From the imaging protocol, static whole-body images were reconstructed from 5 time points (Fig. 1). The PET images were used to evaluate the biodistribution of renal cortices, heart and bladder by measuring the tracer concentration as standardized uptake value (SUV).

Radiation dosimetry was performed with Voxel Dosimetry program (HERMES Medical Solutions, Stockholm, Sweden). Briefly, the 5 time points were first registered to a common reference (the first time point) using a 6-parameter rigid registration algorithm followed by a Demons-type [12] non-rigid registration. Registration was performed using CT images and the transformation parameters and deformation fields were later applied also to PET images. After registration voxel level time-activity curves were generated and integrated to obtain voxel level cumulated activities. Since the first scan data were acquired dynamically starting from time zero, a linear activity grow from zero to the activity at the first time point was chosen. From last time point to infinity, a voxel level mono-exponential fit to the last two time points were made, the half-life from the fit was taken and used that after the last time point, whereas the physical half-life was taken if it was shorter. Voxel level photon tracking and absorbed dose map were performed using a fast Monte Carlo algorithm [13]. From the dose map images, volumes of interest (VOIs) were manually delineated from all organs or areas of the body that could be visually distinguished from the background. These were, brain, subcutaneous tissue of abdomen, breasts, colon ileocecal, gluteus maximus, tongue, lungs (average of left and right lung is presented), vertebral bodies L1-L5, spleen, heart, optical nerves (average of left and right optic nerve is presented), pancreas, liver, bladder as well left and right kidneys. In addition, only an ROI (region of interest) was drawn for the abdominal aorta and inferior vena cava, both at the level of the first lumbar vertebra, because it was not possible to follow the entire course of these vessels. The percentage of radiotracer excreted after one hour was assessed from the scan 60 min post injection by calculating the ratio between total bladder uptake and total body uptake.
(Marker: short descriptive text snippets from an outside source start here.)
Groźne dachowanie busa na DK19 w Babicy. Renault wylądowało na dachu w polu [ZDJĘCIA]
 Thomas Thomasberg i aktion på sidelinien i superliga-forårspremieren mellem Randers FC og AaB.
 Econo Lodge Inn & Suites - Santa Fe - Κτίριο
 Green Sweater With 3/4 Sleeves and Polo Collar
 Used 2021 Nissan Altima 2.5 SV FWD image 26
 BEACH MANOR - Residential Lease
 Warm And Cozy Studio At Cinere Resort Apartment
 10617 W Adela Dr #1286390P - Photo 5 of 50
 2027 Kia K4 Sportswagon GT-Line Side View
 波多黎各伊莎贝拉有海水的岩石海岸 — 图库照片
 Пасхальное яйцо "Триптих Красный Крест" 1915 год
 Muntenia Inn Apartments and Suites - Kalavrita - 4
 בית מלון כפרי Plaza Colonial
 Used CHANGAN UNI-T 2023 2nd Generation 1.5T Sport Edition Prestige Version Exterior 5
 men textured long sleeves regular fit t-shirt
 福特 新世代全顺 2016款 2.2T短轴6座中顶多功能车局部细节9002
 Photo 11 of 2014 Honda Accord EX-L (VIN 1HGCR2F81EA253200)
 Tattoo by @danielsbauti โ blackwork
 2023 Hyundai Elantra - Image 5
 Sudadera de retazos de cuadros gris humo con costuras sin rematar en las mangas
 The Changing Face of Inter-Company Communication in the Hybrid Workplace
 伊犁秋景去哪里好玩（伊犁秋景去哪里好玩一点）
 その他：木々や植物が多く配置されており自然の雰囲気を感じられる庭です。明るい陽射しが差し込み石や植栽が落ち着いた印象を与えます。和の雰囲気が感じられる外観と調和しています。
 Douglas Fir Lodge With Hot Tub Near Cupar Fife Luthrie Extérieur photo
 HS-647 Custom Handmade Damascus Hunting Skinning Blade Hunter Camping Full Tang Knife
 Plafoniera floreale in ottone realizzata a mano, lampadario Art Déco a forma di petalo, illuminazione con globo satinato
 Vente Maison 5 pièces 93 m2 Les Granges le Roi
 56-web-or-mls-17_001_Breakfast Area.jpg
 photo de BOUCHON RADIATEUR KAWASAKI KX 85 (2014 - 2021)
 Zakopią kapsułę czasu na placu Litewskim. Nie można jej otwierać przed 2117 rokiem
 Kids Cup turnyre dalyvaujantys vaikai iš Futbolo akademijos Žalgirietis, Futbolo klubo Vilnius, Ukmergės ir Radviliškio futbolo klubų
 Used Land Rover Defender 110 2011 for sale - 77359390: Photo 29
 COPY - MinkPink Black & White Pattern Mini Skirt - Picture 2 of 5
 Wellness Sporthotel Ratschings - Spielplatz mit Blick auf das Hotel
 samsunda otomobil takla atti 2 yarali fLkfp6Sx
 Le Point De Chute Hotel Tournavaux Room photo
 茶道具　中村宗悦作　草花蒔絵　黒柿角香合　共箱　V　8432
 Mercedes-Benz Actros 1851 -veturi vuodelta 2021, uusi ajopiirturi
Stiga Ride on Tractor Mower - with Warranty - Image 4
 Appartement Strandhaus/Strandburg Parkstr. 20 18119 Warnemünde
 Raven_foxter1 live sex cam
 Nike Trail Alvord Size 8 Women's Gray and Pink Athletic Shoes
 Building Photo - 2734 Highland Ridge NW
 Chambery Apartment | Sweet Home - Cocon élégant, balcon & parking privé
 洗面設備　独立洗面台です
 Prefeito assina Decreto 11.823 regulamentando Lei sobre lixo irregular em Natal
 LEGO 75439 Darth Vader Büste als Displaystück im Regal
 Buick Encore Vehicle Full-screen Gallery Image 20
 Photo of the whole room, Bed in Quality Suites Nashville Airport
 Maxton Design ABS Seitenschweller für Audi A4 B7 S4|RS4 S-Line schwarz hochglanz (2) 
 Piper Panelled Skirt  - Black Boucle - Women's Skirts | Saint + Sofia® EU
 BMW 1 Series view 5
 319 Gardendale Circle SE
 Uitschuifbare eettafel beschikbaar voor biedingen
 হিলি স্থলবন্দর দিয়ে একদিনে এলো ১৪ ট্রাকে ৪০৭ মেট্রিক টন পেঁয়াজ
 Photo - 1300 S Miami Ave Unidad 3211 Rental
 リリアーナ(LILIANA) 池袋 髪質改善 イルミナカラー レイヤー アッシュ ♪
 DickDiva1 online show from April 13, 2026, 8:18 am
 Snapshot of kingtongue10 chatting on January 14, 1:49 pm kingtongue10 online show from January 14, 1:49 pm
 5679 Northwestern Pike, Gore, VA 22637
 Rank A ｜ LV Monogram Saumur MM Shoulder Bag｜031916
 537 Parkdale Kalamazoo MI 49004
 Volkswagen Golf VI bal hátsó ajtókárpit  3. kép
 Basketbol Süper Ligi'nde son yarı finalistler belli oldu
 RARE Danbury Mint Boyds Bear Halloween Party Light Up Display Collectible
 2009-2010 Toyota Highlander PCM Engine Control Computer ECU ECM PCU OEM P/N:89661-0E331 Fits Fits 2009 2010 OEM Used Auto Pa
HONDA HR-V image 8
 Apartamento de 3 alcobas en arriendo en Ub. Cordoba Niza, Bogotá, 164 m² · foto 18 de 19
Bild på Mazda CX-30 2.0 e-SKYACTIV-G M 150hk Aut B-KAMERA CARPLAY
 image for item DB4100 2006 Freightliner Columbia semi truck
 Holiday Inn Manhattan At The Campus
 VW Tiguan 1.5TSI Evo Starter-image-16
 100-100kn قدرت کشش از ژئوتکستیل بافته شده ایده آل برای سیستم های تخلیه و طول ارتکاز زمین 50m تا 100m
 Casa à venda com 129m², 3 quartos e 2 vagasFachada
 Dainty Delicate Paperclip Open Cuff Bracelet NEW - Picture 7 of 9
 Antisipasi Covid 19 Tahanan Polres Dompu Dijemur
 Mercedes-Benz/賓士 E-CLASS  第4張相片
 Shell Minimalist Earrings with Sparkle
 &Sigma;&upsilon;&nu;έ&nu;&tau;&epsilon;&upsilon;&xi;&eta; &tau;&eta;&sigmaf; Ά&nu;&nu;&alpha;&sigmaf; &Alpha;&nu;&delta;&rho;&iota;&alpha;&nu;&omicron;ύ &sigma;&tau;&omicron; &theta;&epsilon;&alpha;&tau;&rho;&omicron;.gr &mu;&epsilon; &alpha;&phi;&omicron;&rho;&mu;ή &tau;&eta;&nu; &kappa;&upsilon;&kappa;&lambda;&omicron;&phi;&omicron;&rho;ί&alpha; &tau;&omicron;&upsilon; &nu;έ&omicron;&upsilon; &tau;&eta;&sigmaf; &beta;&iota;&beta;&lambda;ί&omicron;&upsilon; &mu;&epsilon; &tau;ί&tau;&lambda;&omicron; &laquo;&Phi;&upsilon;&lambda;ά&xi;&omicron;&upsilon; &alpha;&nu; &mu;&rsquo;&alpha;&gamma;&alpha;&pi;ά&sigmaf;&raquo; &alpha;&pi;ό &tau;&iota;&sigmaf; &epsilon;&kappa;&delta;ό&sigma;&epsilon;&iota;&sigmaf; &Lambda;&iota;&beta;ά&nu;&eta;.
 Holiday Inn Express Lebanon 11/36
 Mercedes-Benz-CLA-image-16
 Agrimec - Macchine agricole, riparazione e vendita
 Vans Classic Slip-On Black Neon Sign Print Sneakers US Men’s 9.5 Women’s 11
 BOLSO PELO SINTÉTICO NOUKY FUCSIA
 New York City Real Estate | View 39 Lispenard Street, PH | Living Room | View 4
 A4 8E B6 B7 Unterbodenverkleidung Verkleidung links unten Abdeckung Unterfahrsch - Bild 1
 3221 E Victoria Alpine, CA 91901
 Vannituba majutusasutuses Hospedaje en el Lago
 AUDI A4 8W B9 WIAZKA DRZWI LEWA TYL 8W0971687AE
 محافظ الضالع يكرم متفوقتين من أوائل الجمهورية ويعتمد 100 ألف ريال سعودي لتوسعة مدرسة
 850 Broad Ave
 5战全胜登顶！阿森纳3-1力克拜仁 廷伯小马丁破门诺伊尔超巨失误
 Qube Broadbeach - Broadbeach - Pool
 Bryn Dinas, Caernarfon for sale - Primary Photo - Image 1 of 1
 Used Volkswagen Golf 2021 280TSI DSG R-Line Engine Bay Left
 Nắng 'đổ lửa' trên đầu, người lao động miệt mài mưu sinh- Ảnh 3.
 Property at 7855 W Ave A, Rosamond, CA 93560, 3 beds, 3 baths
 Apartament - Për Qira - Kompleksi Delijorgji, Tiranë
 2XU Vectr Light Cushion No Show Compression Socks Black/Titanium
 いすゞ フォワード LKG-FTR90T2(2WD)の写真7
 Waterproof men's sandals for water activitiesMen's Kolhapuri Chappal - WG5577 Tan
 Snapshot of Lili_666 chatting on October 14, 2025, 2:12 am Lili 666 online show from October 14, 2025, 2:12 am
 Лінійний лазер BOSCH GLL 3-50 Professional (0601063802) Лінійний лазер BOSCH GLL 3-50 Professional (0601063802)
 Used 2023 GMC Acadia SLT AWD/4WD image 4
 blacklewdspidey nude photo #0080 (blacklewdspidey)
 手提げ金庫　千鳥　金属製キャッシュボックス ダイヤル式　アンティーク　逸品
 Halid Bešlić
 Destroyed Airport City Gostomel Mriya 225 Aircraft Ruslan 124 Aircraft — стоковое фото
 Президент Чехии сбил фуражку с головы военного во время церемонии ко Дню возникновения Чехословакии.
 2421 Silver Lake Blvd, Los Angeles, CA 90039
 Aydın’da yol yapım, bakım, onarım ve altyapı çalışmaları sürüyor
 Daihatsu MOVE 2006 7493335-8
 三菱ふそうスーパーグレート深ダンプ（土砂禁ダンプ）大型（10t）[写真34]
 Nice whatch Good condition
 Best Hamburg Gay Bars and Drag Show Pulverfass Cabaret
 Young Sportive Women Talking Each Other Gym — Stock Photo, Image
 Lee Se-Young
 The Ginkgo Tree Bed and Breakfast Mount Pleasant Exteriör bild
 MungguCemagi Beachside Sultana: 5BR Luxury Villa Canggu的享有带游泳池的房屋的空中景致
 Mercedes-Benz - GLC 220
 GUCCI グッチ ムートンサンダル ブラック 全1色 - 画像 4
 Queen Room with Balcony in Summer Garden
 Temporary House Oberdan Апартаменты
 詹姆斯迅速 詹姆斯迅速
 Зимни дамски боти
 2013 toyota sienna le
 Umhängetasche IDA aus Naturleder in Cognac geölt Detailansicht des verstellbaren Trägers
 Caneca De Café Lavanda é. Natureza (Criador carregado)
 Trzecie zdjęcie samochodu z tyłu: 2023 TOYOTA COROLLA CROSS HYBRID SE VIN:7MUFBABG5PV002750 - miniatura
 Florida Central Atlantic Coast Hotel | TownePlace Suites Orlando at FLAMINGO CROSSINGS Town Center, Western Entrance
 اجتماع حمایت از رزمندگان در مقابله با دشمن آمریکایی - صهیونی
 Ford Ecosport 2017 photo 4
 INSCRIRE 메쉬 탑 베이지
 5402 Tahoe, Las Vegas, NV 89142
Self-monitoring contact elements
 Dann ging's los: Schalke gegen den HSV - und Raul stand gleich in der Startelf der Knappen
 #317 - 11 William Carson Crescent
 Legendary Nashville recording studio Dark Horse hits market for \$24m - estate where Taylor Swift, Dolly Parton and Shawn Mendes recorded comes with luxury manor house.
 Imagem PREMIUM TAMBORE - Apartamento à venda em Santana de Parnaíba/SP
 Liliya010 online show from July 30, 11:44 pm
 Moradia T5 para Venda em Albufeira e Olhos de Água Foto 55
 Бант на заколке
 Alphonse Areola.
[18F]Me4FDG PET scan schedule

After intravenous injection of [18F]Me4FDG, 5 PET/CT acquisitions were performed, with increasing scanning time from 2 to 7.5 min. The subjects were asked to rest and to void their urinary bladder after one hour.

Statistics in this study were limited to descriptive statistics, calculated with Microsoft Excel 2016. Values are presented as mean value plus/minus one standard deviation (SD). Differences between vital parameter were determined using a student’s T-Test.